Trey Jones, 24/07/2015 23:16:
I've partially analyzed a sample of 100K zero-result full_text searches against enwiki, over the course of about an hour
Great! Can't wait for the same across all languages.
*TL;DR Summary: If these patterns hold for another sample (and across languages), we should be able to get some decent mileage out of these simple approaches:* *- find sources of weird patterns and either ignore them, or contact the source and redirect them to a more appropriate destination* *- use language or character set detection to redirect queries to other wikis*
Yes, that's the most important one.
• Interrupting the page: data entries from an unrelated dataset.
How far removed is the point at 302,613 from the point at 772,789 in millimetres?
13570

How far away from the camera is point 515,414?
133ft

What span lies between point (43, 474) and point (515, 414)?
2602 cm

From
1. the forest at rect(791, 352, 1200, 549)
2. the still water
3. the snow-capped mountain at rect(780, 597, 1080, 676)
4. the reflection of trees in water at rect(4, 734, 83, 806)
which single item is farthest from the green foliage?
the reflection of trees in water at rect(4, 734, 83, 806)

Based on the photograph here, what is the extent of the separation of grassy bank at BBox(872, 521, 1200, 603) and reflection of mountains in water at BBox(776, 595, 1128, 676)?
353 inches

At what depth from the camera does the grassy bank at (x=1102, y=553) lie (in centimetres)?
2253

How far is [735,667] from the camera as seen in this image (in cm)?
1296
Crosswiki searches are possible with Cirrus: https://phabricator.wikimedia.org/T46420
T26767 may go a long way and T3837 may be fixed by following the same approach as for sister projects (boxes on Special:Search for crosswiki results).
*- filter the term "quot" from queries*
quot or " ? Som
*- filter 14###########: from the front of queries*
UNIX time? 1437794758
*- replace _ with space in queries*
Do you have actual URL of the search? [[Special:Search/this_format]] is supposed to ignore underscores already.
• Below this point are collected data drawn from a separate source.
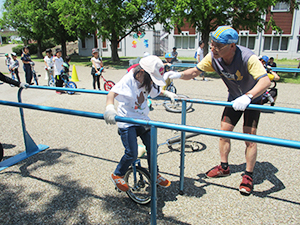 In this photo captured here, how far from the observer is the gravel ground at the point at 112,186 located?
2.52 metres

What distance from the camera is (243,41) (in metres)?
29.6

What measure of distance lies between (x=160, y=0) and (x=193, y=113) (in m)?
10.4

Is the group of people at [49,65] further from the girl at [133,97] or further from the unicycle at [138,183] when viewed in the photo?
the girl at [133,97]

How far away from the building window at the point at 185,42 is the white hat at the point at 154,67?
30927mm

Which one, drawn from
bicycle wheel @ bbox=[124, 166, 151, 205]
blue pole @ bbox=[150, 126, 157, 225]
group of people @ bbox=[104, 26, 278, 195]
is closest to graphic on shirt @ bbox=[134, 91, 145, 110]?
group of people @ bbox=[104, 26, 278, 195]

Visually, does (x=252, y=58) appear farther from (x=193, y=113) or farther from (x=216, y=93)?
(x=216, y=93)

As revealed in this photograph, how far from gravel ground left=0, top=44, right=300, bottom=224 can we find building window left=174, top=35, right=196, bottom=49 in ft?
91.9

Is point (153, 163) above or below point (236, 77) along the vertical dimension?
below

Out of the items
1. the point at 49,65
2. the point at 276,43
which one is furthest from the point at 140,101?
the point at 276,43

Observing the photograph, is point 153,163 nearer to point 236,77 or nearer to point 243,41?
point 236,77

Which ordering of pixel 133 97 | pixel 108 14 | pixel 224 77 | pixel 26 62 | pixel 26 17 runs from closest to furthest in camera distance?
pixel 133 97 < pixel 224 77 < pixel 26 62 < pixel 108 14 < pixel 26 17

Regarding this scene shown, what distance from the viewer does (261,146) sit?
4242 millimetres

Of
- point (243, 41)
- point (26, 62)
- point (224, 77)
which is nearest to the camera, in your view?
point (224, 77)

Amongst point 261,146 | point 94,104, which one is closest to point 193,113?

Also, a full text search URL containing "search=" but not "fulltext=" is first of all a title search (the aim is to be redirected to the title if it exists).
- lots of queries for books, articles, movies, tv, mp3s, and porn (in
multiple languages)
Titles and other proper names are perfect for crosswiki search!
For the incremental searches, do we know if all browsers which integrate a Wikipedia search bar use the correct API for suggestions?
Nemo